Stored dataset items:
-.-.-
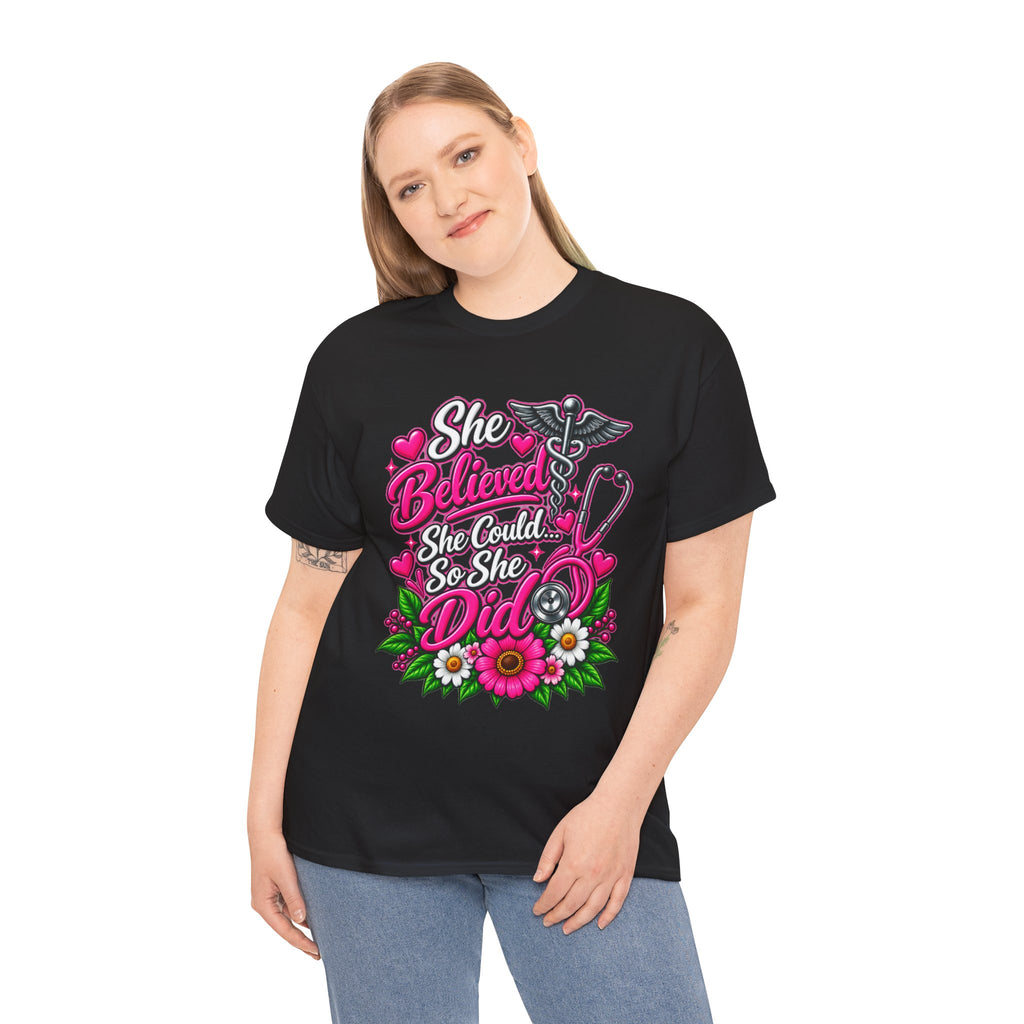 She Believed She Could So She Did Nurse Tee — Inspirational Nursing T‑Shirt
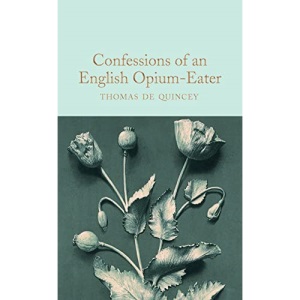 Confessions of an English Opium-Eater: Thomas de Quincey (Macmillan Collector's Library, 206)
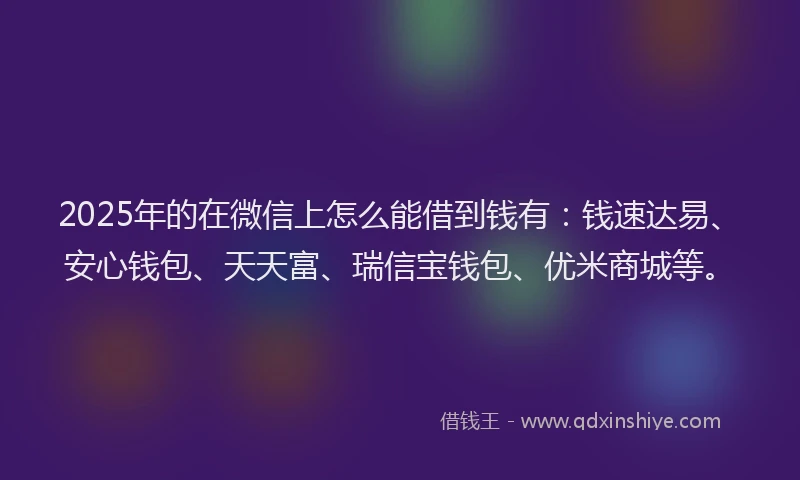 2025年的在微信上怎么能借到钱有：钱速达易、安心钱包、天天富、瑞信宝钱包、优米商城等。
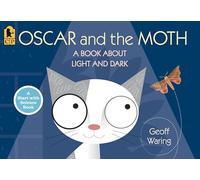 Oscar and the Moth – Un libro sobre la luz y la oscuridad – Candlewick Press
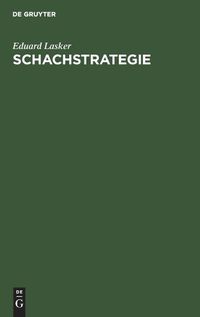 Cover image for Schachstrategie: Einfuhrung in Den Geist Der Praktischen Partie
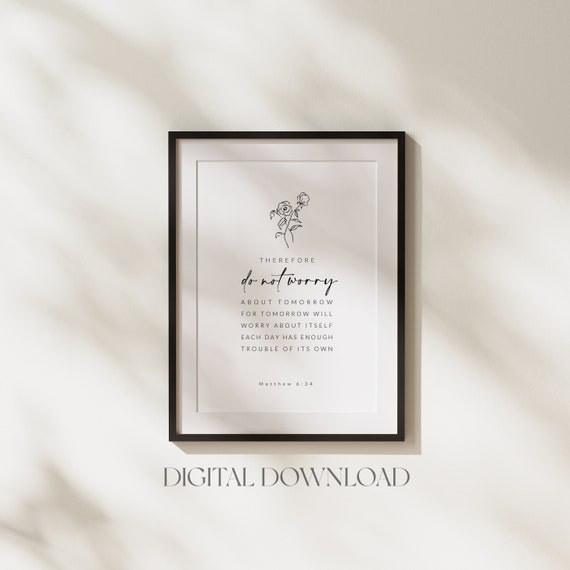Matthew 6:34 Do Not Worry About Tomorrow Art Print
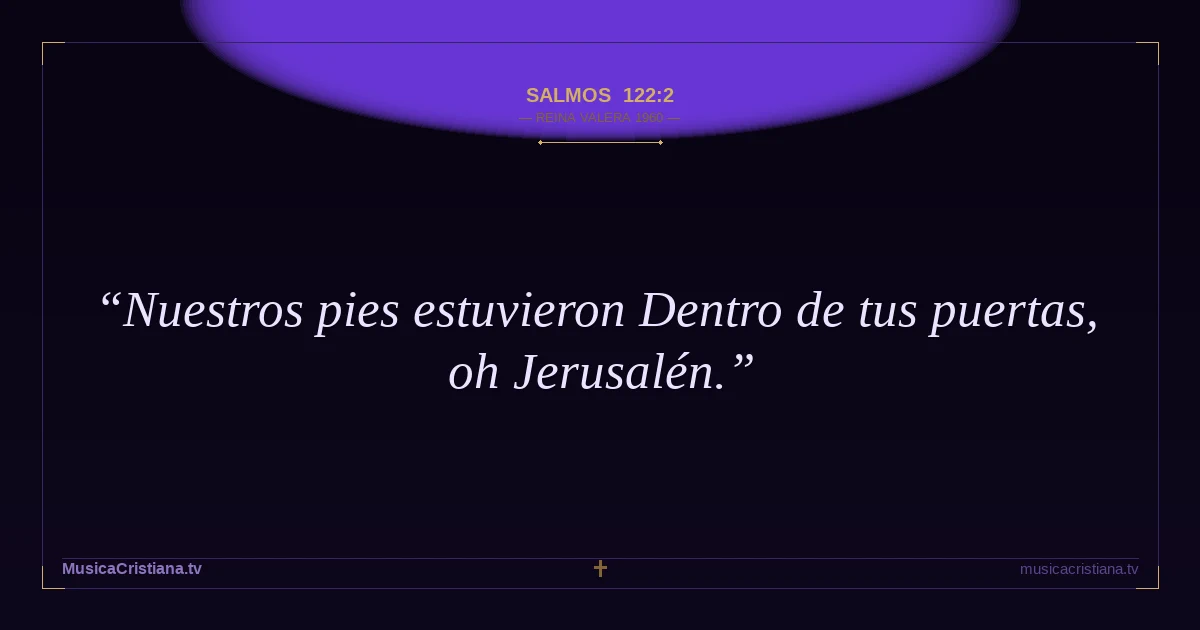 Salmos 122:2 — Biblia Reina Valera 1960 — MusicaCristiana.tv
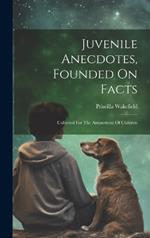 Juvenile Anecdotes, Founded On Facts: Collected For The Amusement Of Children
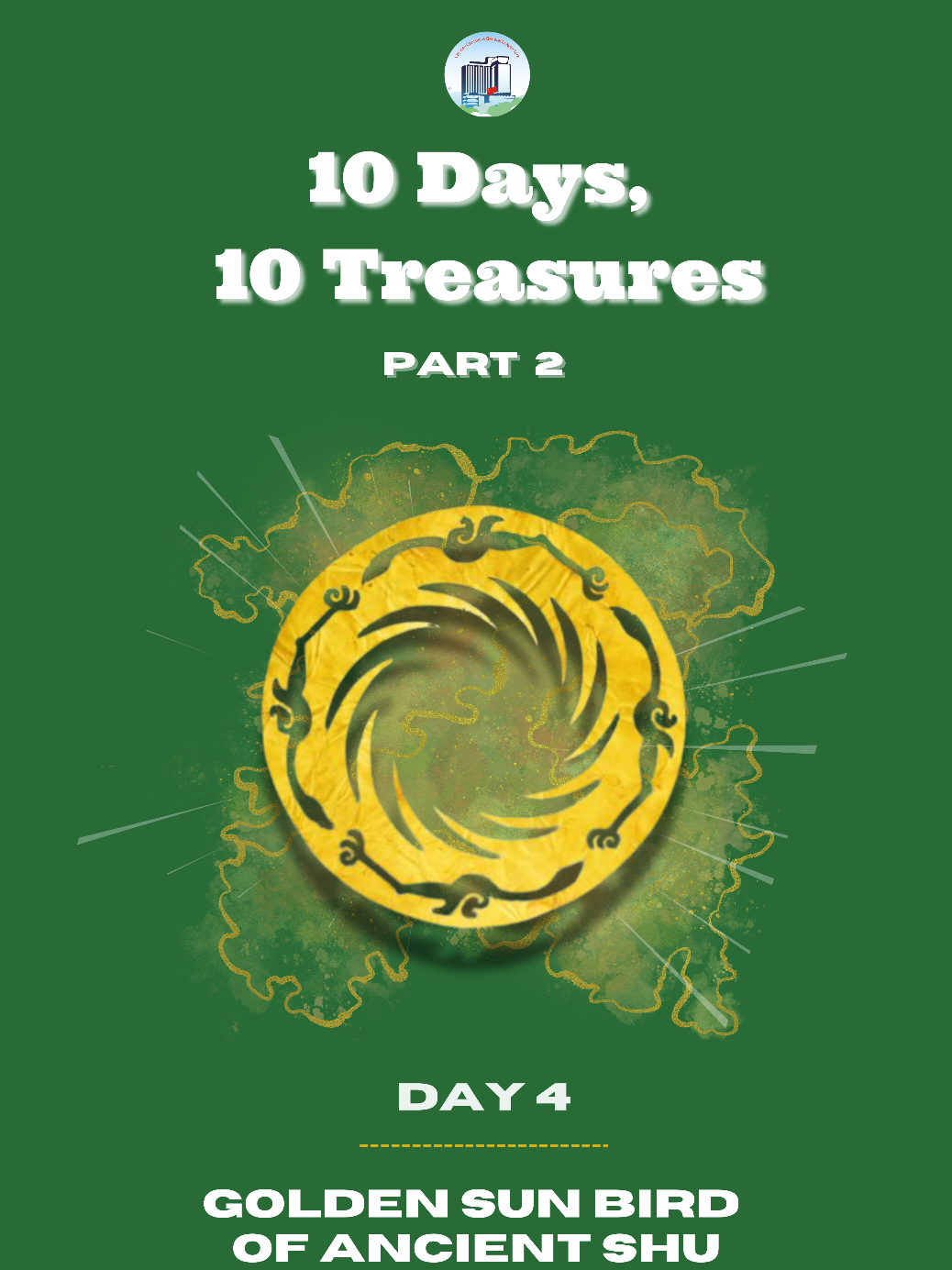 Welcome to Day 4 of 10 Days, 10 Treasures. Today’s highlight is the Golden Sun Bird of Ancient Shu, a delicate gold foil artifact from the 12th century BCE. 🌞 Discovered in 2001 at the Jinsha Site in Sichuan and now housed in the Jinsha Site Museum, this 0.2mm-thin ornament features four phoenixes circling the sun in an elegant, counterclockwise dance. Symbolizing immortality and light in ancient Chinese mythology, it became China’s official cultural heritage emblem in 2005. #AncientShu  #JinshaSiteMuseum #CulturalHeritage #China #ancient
-.-.-
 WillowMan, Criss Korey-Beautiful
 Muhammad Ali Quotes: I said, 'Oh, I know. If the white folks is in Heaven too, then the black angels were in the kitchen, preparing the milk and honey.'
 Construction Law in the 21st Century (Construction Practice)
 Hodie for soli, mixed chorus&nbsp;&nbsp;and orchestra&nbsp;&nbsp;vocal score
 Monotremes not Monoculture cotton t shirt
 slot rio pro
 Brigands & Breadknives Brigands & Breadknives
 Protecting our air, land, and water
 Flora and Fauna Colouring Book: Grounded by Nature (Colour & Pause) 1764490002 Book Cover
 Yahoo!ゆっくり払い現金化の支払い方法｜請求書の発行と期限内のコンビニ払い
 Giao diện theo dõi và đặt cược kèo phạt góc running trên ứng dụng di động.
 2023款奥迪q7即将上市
-.-.-
WHAT THE EXERCISE ASKS:
Copy out only the lines of the records above from the one with "Hodie for soli, mixed" through the one with "Yahoo!ゆっくり払い現金化の支払い方法｜請求書の発行と期限内のコンビニ払い", exactly as they stand, both included.

REPLY:
 Hodie for soli, mixed chorus&nbsp;&nbsp;and orchestra&nbsp;&nbsp;vocal score
 Monotremes not Monoculture cotton t shirt
 slot rio pro
 Brigands & Breadknives Brigands & Breadknives
 Protecting our air, land, and water
 Flora and Fauna Colouring Book: Grounded by Nature (Colour & Pause) 1764490002 Book Cover
 Yahoo!ゆっくり払い現金化の支払い方法｜請求書の発行と期限内のコンビニ払い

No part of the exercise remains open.